Why are you crying? Rather give me your hand,
promise to come again in a dream.
You and I are a mountain of grief.
You and I will never meet on this earth.
If only you could send me at midnight
a greeting through the stars.
To argue here that the subjective and objective are confused is to return to an empirical view which the extent of present suffering challenges; strangely enough it is to claim an unjustified privilege.
Poetry makes language care because it renders everything intimate. This intimacy is the result of the poem’s labor, the result of the bringing-together-into-intimacy of every act and noun and event and perspective to which the poem refers. There is often nothing more substantial to place against the cruelty and indifference of the world than this caring.
From where does Pain come to us?
From where does he come?
He has been the brother of our visions
From time immemorial
And the guide of our rhymes.
. . . writes the poet Nazuj ak Nak’-ika.
To break the silence of events, to speak of experience however bitter or lacerating, to put into words, is to discover the hope that these words may be heard, and that when heard, the events will be judged. This hope is of course at the origin of prayer, and prayer – as well as labor – was probably at the origin of speech itself. Of all uses of language, it is poetry that preserves most purely the memory of this origin.
Every poem that works as a poem is original and original has two meanings: it means a return to the origin, the first which engendered everything that followed; and it means that which has never occurred before. In poetry, and in poetry alone, the two senses are united in such a way that they are no longer contradictory.
Nevertheless poems are not simple prayers. Even a religious poem is not exclusively and uniquely addressed to God. Poetry is addressed to language itself. In a lamentation, words lament loss to their language. Poetry is addressed to language in a comparable but wider way.
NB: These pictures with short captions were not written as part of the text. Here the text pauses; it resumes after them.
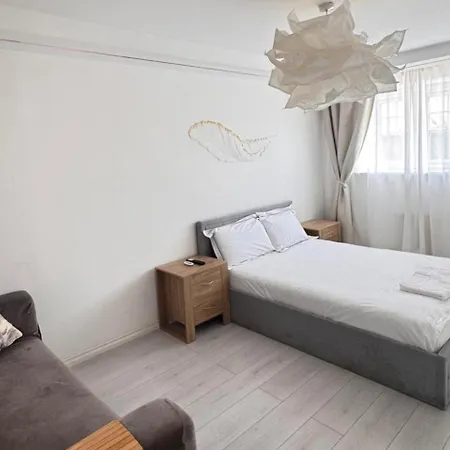 House Sleeps 10 With Free Parking - Pets Welcome Vakantiehuis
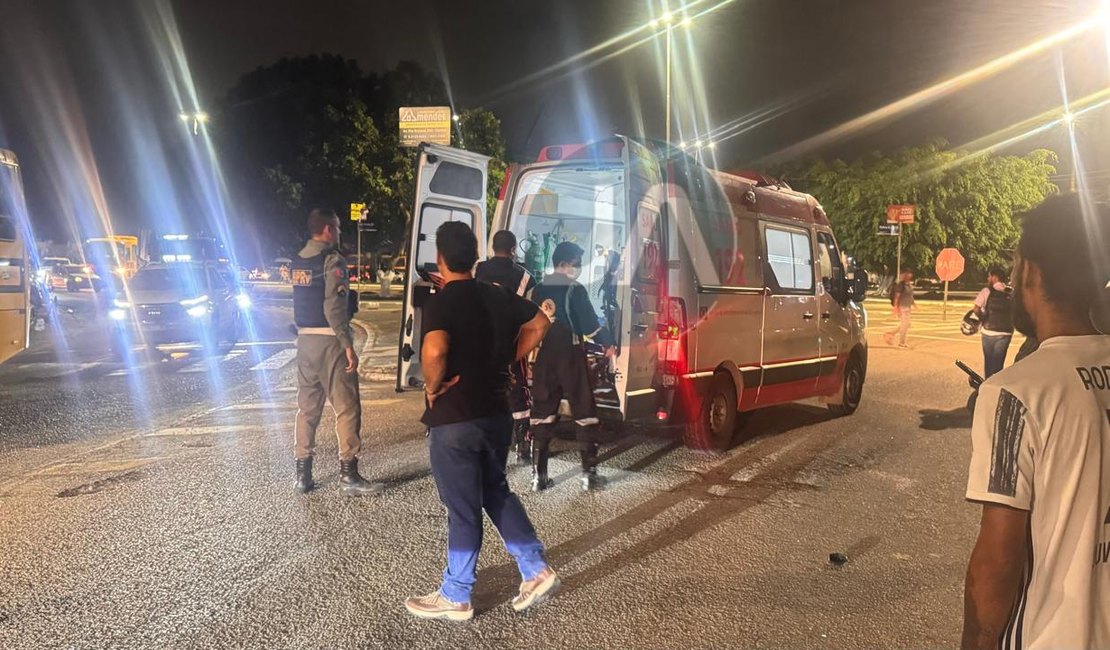 Motorista faz retorno proibido e causa acidente em Arapiraca; motociclista ficou ferido
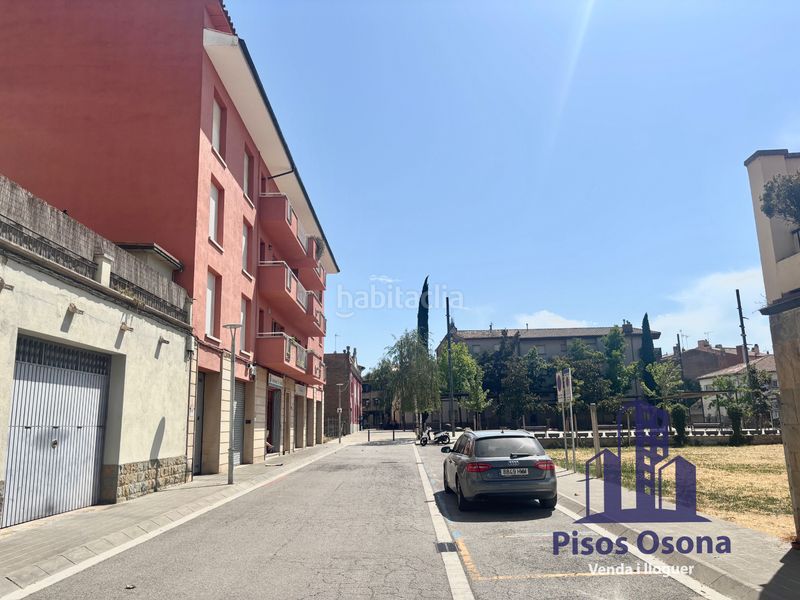Foto d173e032-fe69-4533-a726-0de87200f857. Aparcament cotxe a Sant Julià de Vilatorta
To put into words is to find the hope that the words will be heard and the events they describe judged. Judged by God or judged by history. Either way the judgment is distant yet the language, which is immediate and which is sometimes wrongly thought of as being only a means, the language offers obstinately and mysteriously, its own judgment when it is addressed as poetry. This judgment is distinct from that of any moral code, yet it promises, within its acknowledgment of what it has heard, a distinction between good and evil – as though language itself had been created to preserve just that distinction!